You only had to see Rory McIlroy’s reaction to understand that this Ryder Cup defeat hurt. There was pain within the European ranks, a sense of humiliation after a 19-9 trouncing, the biggest margin of victory since the USA’s 21-11 win over Great Britain and Ireland in 1975.
There were still smiles, this was still a European team united, but it felt like for many of those in blue, their Ryder Cup journeys had come to an end.
On paper, the US had by far the stronger team, and were the favourites in the online betting. Indeed, on numerous occasions they have had the stronger collection of players, and yet Europe’s togetherness and team spirit have made the difference — not this time. For the first Ryder Cup in a while, Team USA were spirited and united, a group of supremely talented players all pulling in the same direction towards the same goal.

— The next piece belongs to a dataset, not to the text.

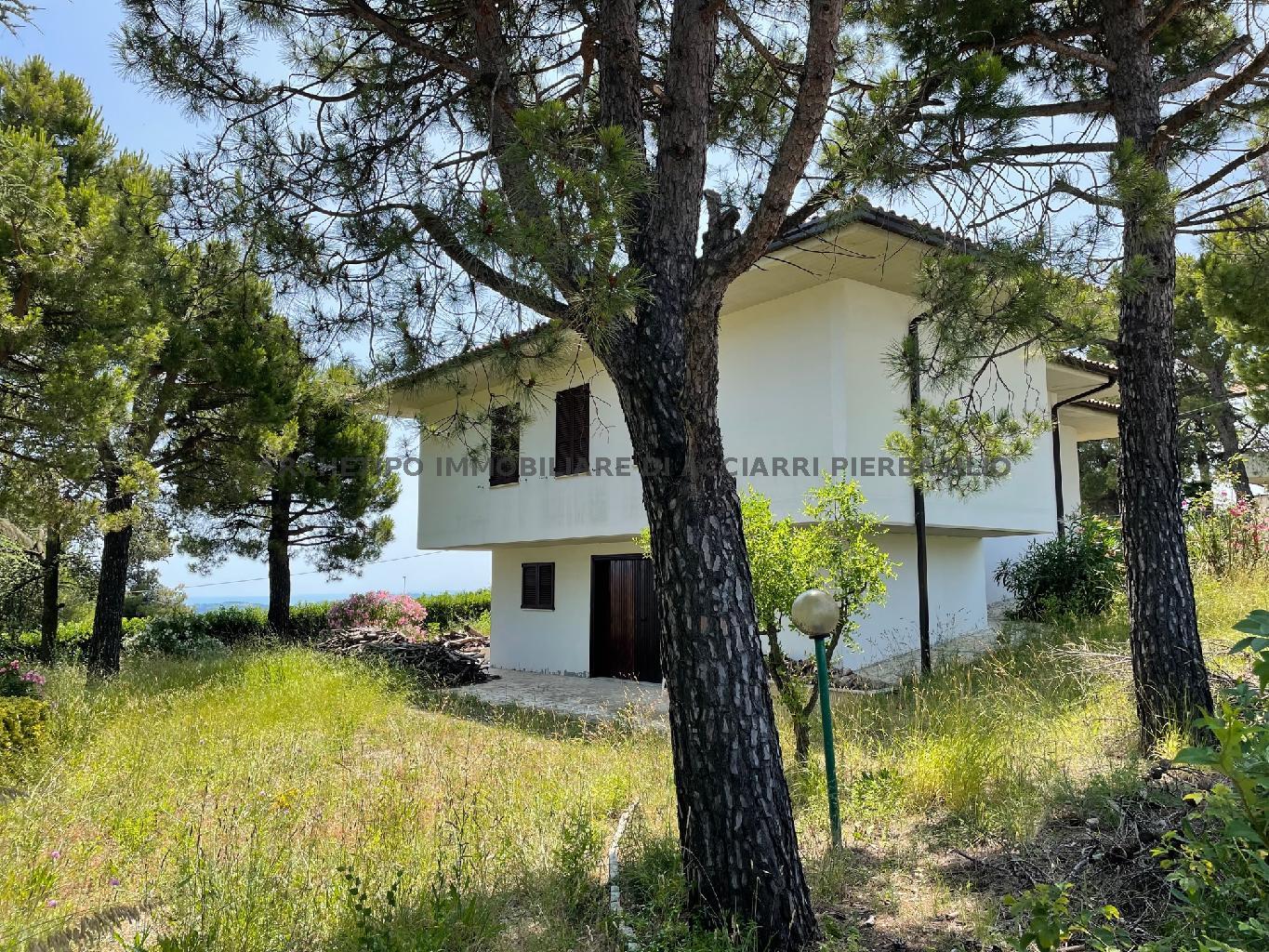 LA REGINETTA DEL MARE/RIF 278  SALE RIPATRANSONE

This was always the danger for Europe, that things would eventually click among the USA’s superstars and they would make their superiority count. But as much as the Americans excelled, there was a sense that many of Europe’s trusted performers of past Ryder Cups failed to produce the goods this time around.

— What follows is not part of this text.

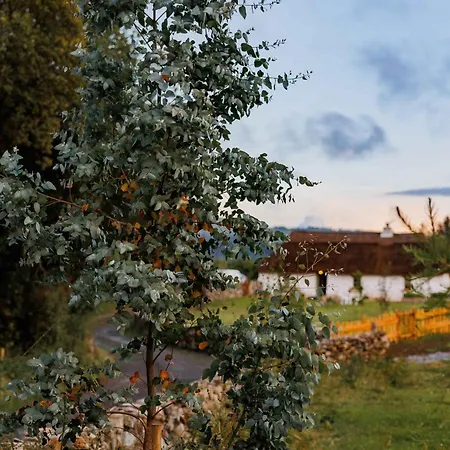 度假居 Patsys 415 *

The likes of Paul Casey, Ian Poulter and Lee Westwood all struggled to perform to the levels we know they are capable of, while McIlroy endured a Ryder Cup to forget, although he did restore some pride by beating Xander Schauffele in their singles match. But overall, experience was defeated by youth and despite Europe’s golfers having significantly more Ryder Cup knowhow, they could not cope with the simple fact that Team USA boasted more talent.
There were six players over the age of 34 in Europe’s team, including four over 40, compared to just one player over 34 for the United States. The elder statesmen in the European setup have provided plenty of golden memories for golf fans from the continent, but their performances at Whistling Straits were a stark exposition of their waning powers. Setting García aside, who once again rose to the occasion at a Ryder Cup, Shane Lowry, Casey, Poulter, Westwood, and Wiesberger scored a total of just three points between them.

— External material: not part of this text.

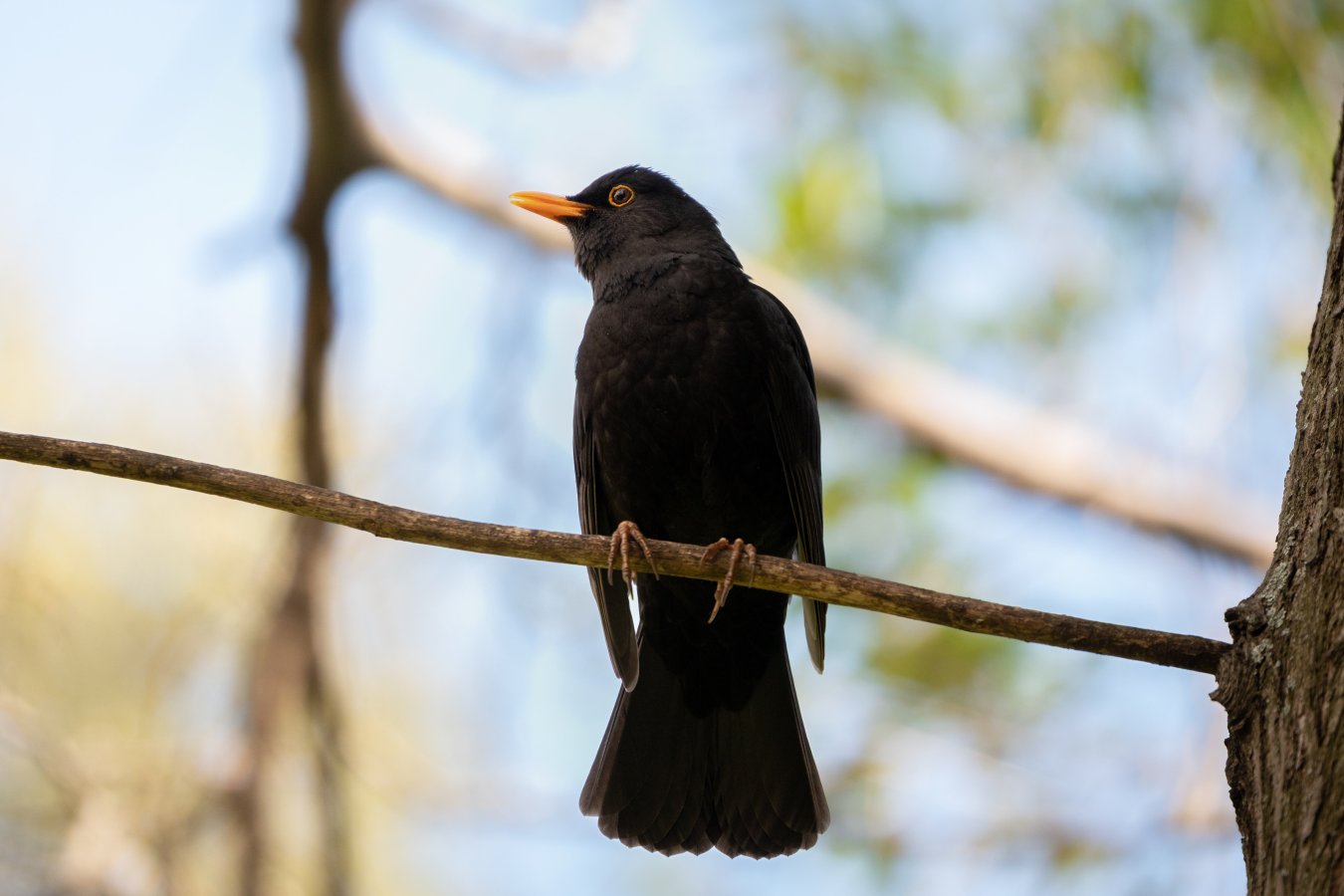 DSC_6351-2.jpg DSC_6351-2.jpg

So, where does this leave Team Europe ahead of the 2023 Ryder Cup in Rome? Can we realistically expect to see players like Casey, Poulter, Westwood and Sergio García line out yet again? Ryder Cup specialist García performed admirably in a struggling team, notching three points, which only Jon Rahm bettered among the European ranks, but at 41 years of age he is in the autumn of his career. Is there the quality coming through to adequately replace those veterans in two years’ time?
Viktor Hovland, despite struggling for consistency over the three days, demonstrated that he has all the talent needed to be a valuable Ryder Cup player for years to come. There is also the fact that, in Rahm, Europe possess arguably the best player in the world at the moment, who could well dominate the game of golf as he reaches the peak years of his career. The likes of Matt Fitzpatrick, Robert MacIntyre and Guido Migliozzi will all undoubtedly have more of a say as future Ryder Cups come round the bend, but when stacked up against the riches of talent at the USA’s disposal, it’s hard to see how they can establish themselves in the online betting tips.
One thing Europe’s Ryder Cup teams have never lacked is unity and collective spirit. Those are the virtues that must be instilled in the younger generation of European golfers if they are to avoid getting swept away entirely by a red wave. The 2021 Ryder Cup was one to forget, but the work must start now if Europe are to avoid a repeat when the great tournament heads to Italy in 2023.